Les ONG, exclues des officines onusiennes telles que la Conférence du Désarmement à Genève, se sentent orphelines d’une diplomatie citoyenne. Elles vont devoir ramer pour échafauder des passerelles entre les partisans de cette sécurité et l’autre sécurité, qui alimente le fonds de commerce d’institutions reconnues. Motif ? Associer les enjeux géopolitiques à la crise sociale est politiquement incorrect ! C’est pourquoi évoquer les questions de violence urbaine (par exemple) ne figure pas au programme du G7 ou du G20, ni du Forum annuel de Munich (Wehrkunde), le Davos de la défense, ni dans sa version light, le Forum (macroniste) de Paris sur la paix.

L’accouchement d’une doctrine

Ironie de l’histoire, ce sont les promoteurs de la sécurité humaine qui, dans un rapport de 35 pages (non traduit en français), ont eu le mérite de mettre les pieds dans le plat. Ils ont insisté sur ‘le fossé entre les capacités sécuritaires reposant principalement sur les forces armées et les vrais besoins de sécurité de tout un chacun’. Ce rapport dit de Barcelone et intitulé « Une doctrine de sécurité humaine en Europ» est paru en septembre 2004, soit 10 ans après celui du PNUD. Les auteurs ont conclu : « le rôle le plus approprié pour l'Europe au XXIe siècle serait de promouvoir la sécurité humaine » L’instigateur de cette démarche n’est autre que Javier Solana, qui a longtemps milité pour la sortie de l’Espagne de l’OTAN, publié le pamphlet « 50 raisons de dire non à l'OTAN » ; et de ce fait, listé comme « personne subversive » par les autorités à Washington.

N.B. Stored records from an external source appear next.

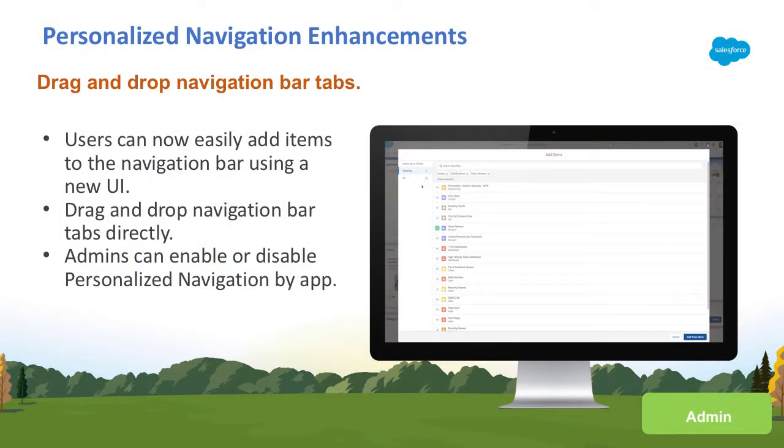In the Summer 18 release, we've made some exciting enhancements to personalize navigation and lightning experience.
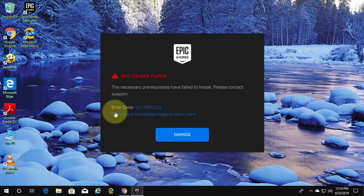Welcome viewer, I am Murrigan S. This video tutorial describes how to fix error code SU-PQE1223 in Fortnite game installation.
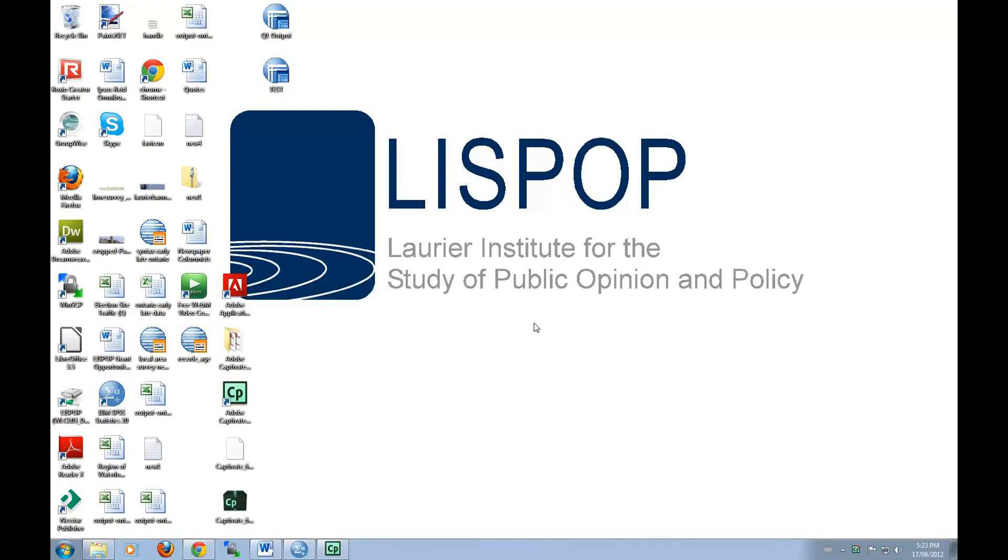Hi everyone, my name is Justin. In this tutorial I'll be showing you how to recode variables into new variables. The dataset that we'll be using in this tutorial is Ipsos Reid's 2011 Federal Election Exit Poll.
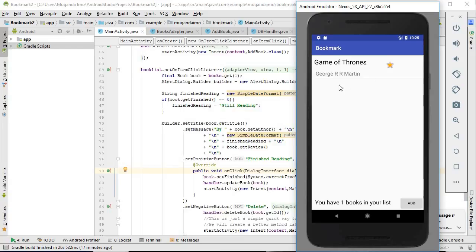Here's the list now with our one entry. It has the title of the book, the author, as well as a little image view that has a star on it. Let's click this and see what you get.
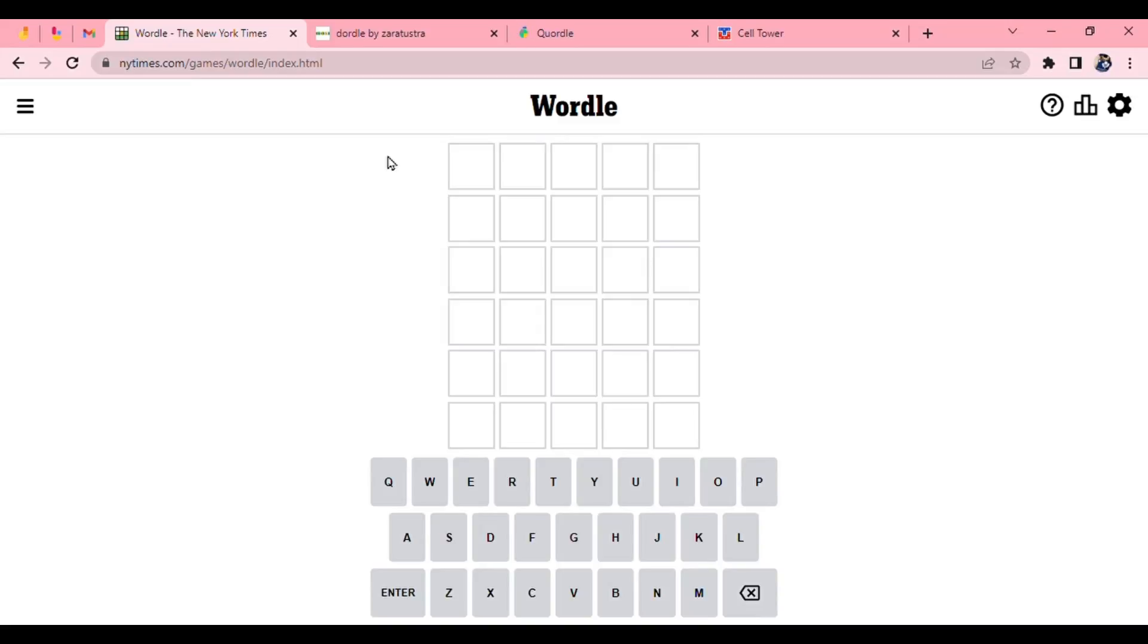Hello everyone, welcome back to Chewbacca's Chronicles. In this video, I will be doing the Daily Wordle, Dordle, Quordle, and Cell Tower for August 31st, 2022.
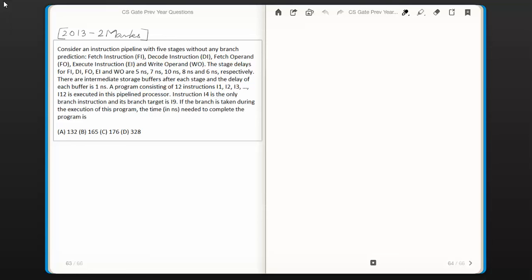Hi everyone. In this video session we are going to look into the next question in computer organization from the topic instruction pipelining. This question was asked in the year 2013 for 2 marks.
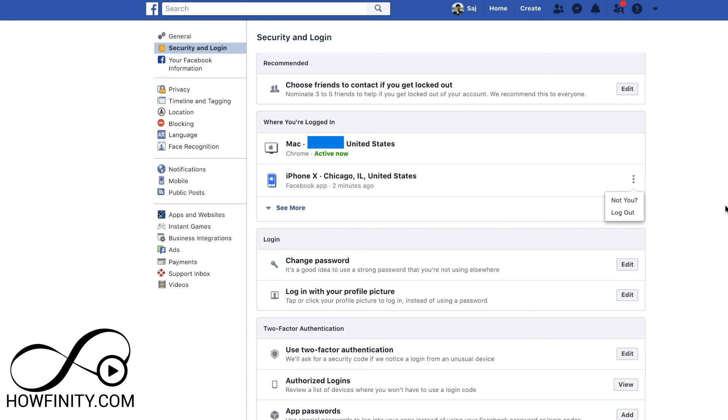So it's going to show iPhone X if you're on Messenger, and you can press the three dots and logout just like that. You could even log out of the Facebook app the exact same way. So that's how you're able to log out of Facebook Messenger on any device.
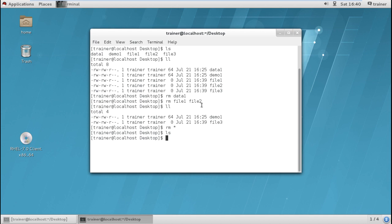Either by using one file if you want to delete, you can use RM data1 or any of the file name. RM multiple file names and RM asterisk for deleting all the files. So in the next video we are going to check more about your Linux file systems.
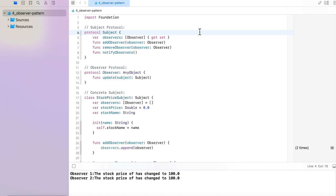At this point you have a conceptual understanding of the Observer Design Pattern and know in which situation to use it. Now it's time to jump into the coding implementation. As a code sample, we are taking the example of a stock observer application skeleton. We have a stock subject with two observers, and whenever a value change happens in the stock subject, those two observers will get notified and can take further action — either updating the UI or updating some values.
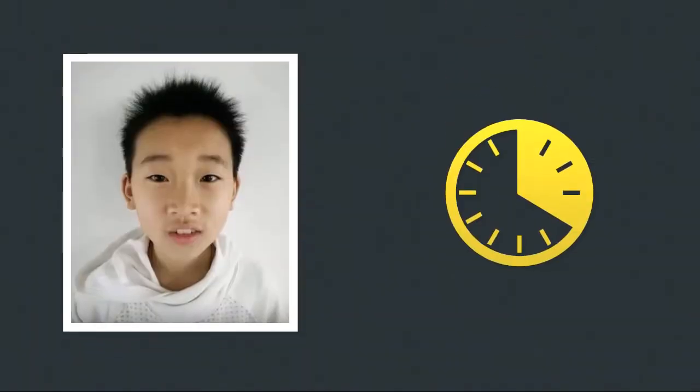But time was running out. In his country, once he turned 14, laws would prevent his adoption.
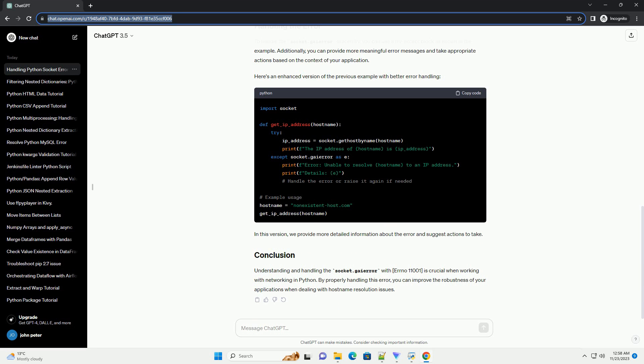Here's an enhanced version of the previous example with better error handling. In this version, we provide more detailed information about the error and suggest actions to take. Understanding and handling the socket.gaierror with errno 11001 is crucial when working with networking in Python. By properly handling this error, you can improve the robustness of your applications when dealing with host name resolution issues.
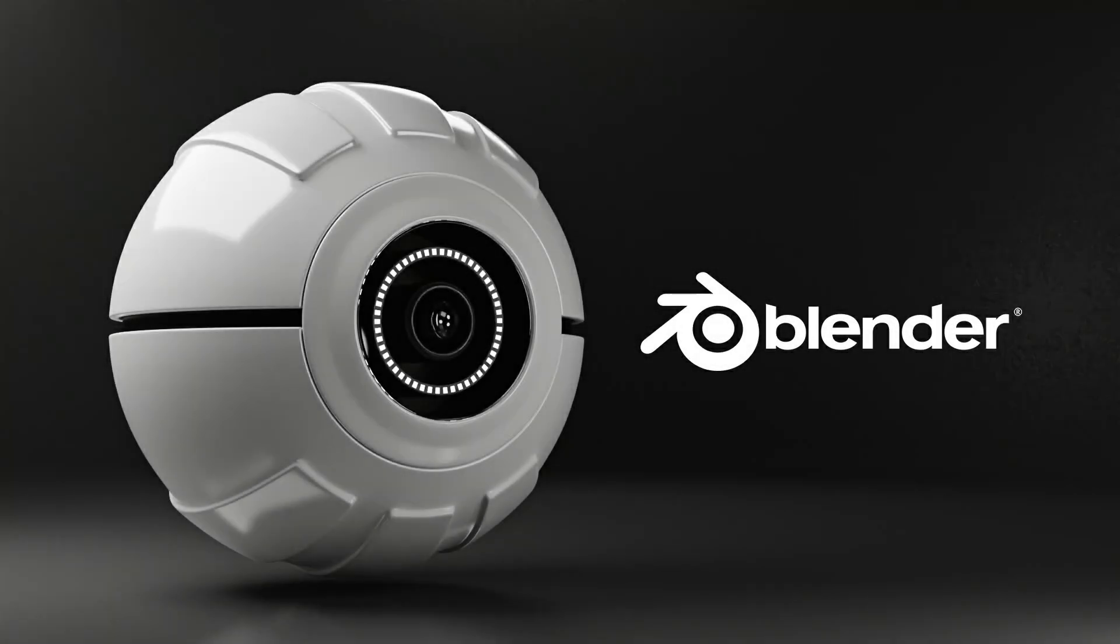Welcome back guys, in this video we will learn how to make a spherical shape drone. So let's learn how to do it.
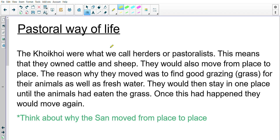The Koi Koi were what we call herders or pastoralists — this means they owned cattle and sheep. They would move from place to place to find good grazing, which is grass, for their animals as well as fresh water. They would stay in one place until the animals had eaten the grass, then move again. The San moved for different reasons — to avoid using up resources, to find water, to move to caves when it was raining — whereas the Koi Koi moved primarily to find good grazing ground for their animals.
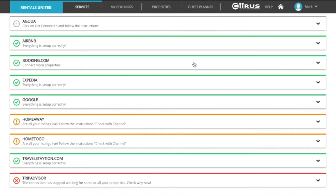Yellow color means that you have pushed the properties to the sales channel. You now need to work with the sales channel directly to complete the contract with them or any other additional information they require before they will publish your listings.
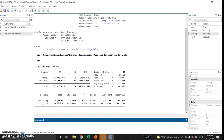Taking the slope coefficient into consideration, it means that for every 1 rupee increase in total expenditure, there will be a 44 paisas increase in food expenditure. This is the interpretation of the two coefficients.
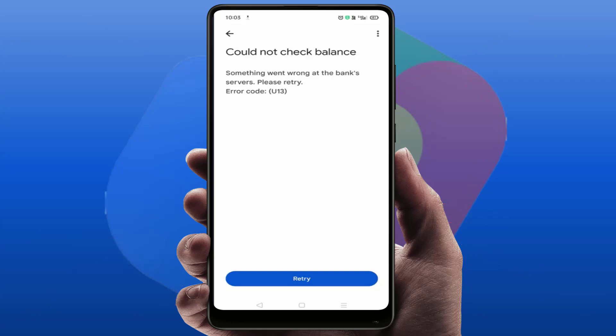Hello guys, in this video tutorial we will learn how to fix Google Pay error 'could not check balance', error code U13. As you can see on my screen, I was facing the same error, and finally I have got an easy and simple solution to fix this issue.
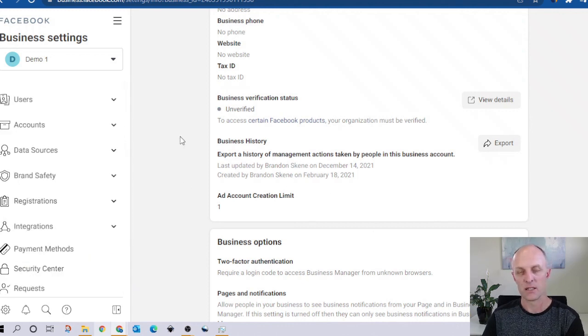And really, that is how easy it is to set up a Business Manager account within Facebook. If you enjoyed the content of this video, don't forget to like and subscribe below. Leave a comment below as well if there are any questions I didn't cover in this video, and I'll get back to you on those. Till the next video, have a great day.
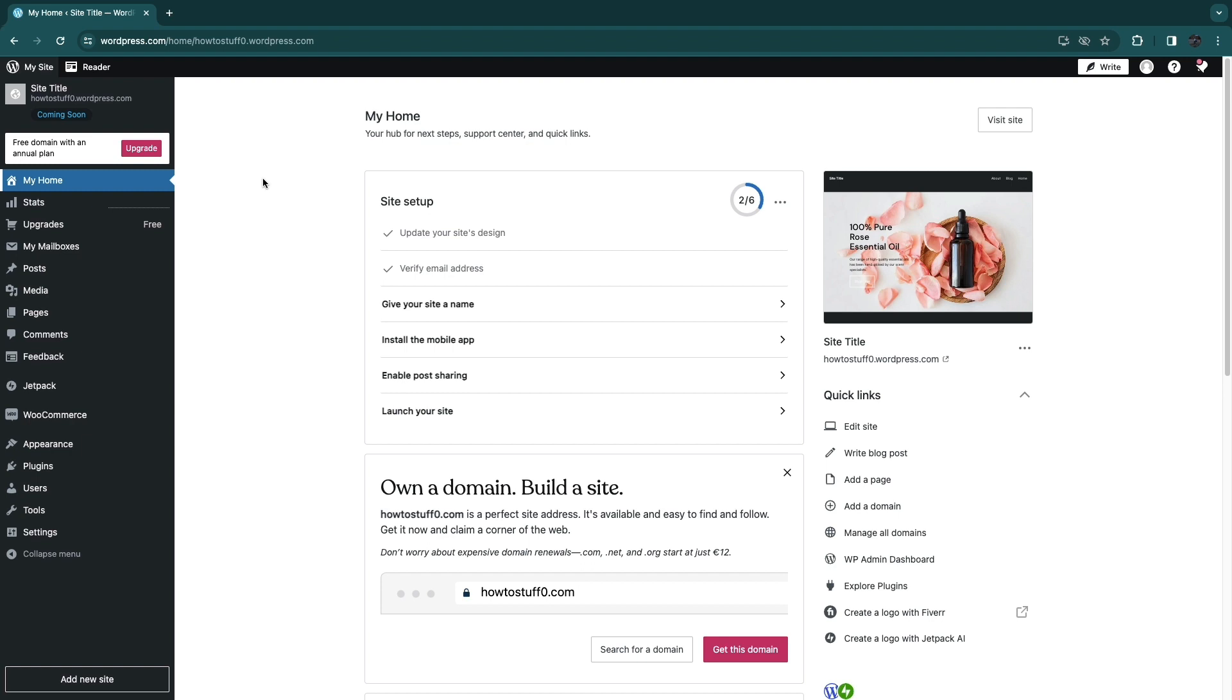First go to WordPress and sign into your account and go to the website that you actually want to add the Stripe Payment Gateway to.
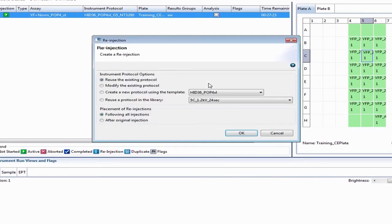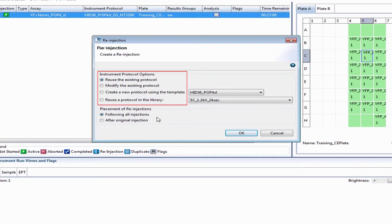A pop-up box will appear. This is where you can choose to reuse your existing protocol for that sample, modify the existing protocol, create a new protocol from a template, or reuse a protocol that exists in your library. You also specify whether you want the reinjections to occur immediately after the original sample injection or after all the injections that are still pending.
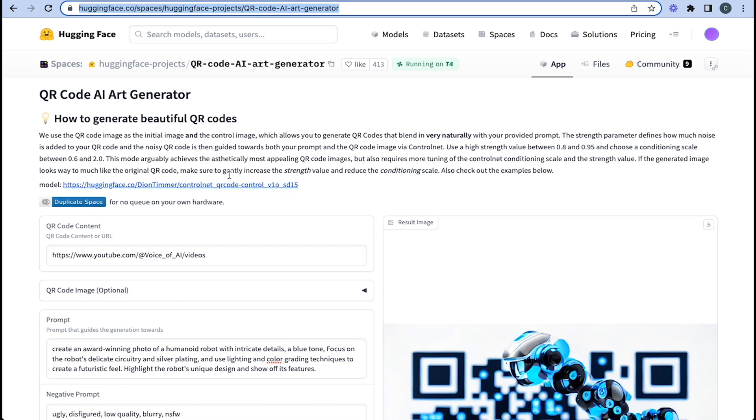So here's the introduction at the top. We use the QR code image as the initial image and the control image, which allows you to generate QR codes that blend in very naturally with your provided prompt. The strength parameter defines how much noise is added to the QR code. And the noisy QR code is then guided towards both your prompt and the QR code image via ControlNet. So ControlNet is the base of this again as well.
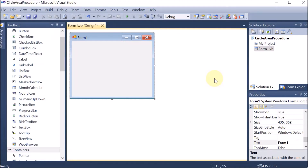Now we are learning the program to find the area of a circle, and we are using that program with the help of a procedure.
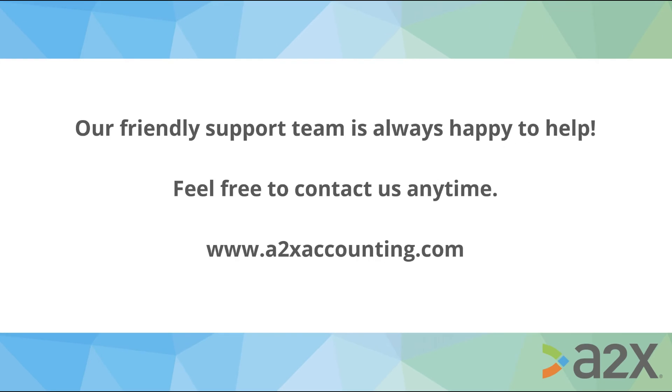That concludes this VAT mapping tutorial. Again, the scenario or examples used here may differ from your specific situation or needs. Therefore, we strongly advise you to consult with your accountant or tax advisor to confirm the A2X mapping. So thank you for watching.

Aussi étrange que cela puisse paraitre, il s’est recyclé pour occuper le poste de Secrétaire général de l'OTAN (1995–1999), puis celui de chef de la diplomatie européenne…

La majorité des députés européens n’ont pas accordé la moindre importance à ce document, exceptés les représentants du Groupe pour la gauche unitaire européenne (GUE). Ils ont commandité un rapport sur l’empreinte carbone des militaires intitulé « Sous les radars ». Dans ce texte paru en février 2021 on peut lire : « Au-delà de l’écoblanchiment de la politique militaire, nous devons repenser la politique de défense de l'Union européenne en matière de contrôle des armements et de désarmement, en plaçant la sécurité humaine au centre’ »

La sécurité n’est humaine que si elle est démocratique

Contrairement aux idées reçues, humaniser la politique de défense relève d’un sacré pari. Pour la simple et bonne raison que les chances de vivre à l’abri du besoin (freedom from want) et de la peur (freedom from fear) ne sont pas les mêmes pour tous. Ceux qui vivent à l’abri du besoin et de la peur ont une fâcheuse tendance à prétendre que leur statut privilégié est  « normal ». Ils ne sont donc pas disposés à faciliter les initiatives des civils, ceux-là même qui veulent, au nom de la sécurité humaine, démocratiser la sécurité afin de mieux sécuriser la démocratie.

Pierre Naville avait de bonnes raisons d’écrire en 1977 : « Quel que soit le destin de l’humanité, aucun projet social ne peut se déployer s’il n’inclut pas une étude sans préjugés des fonctions de la guerre ».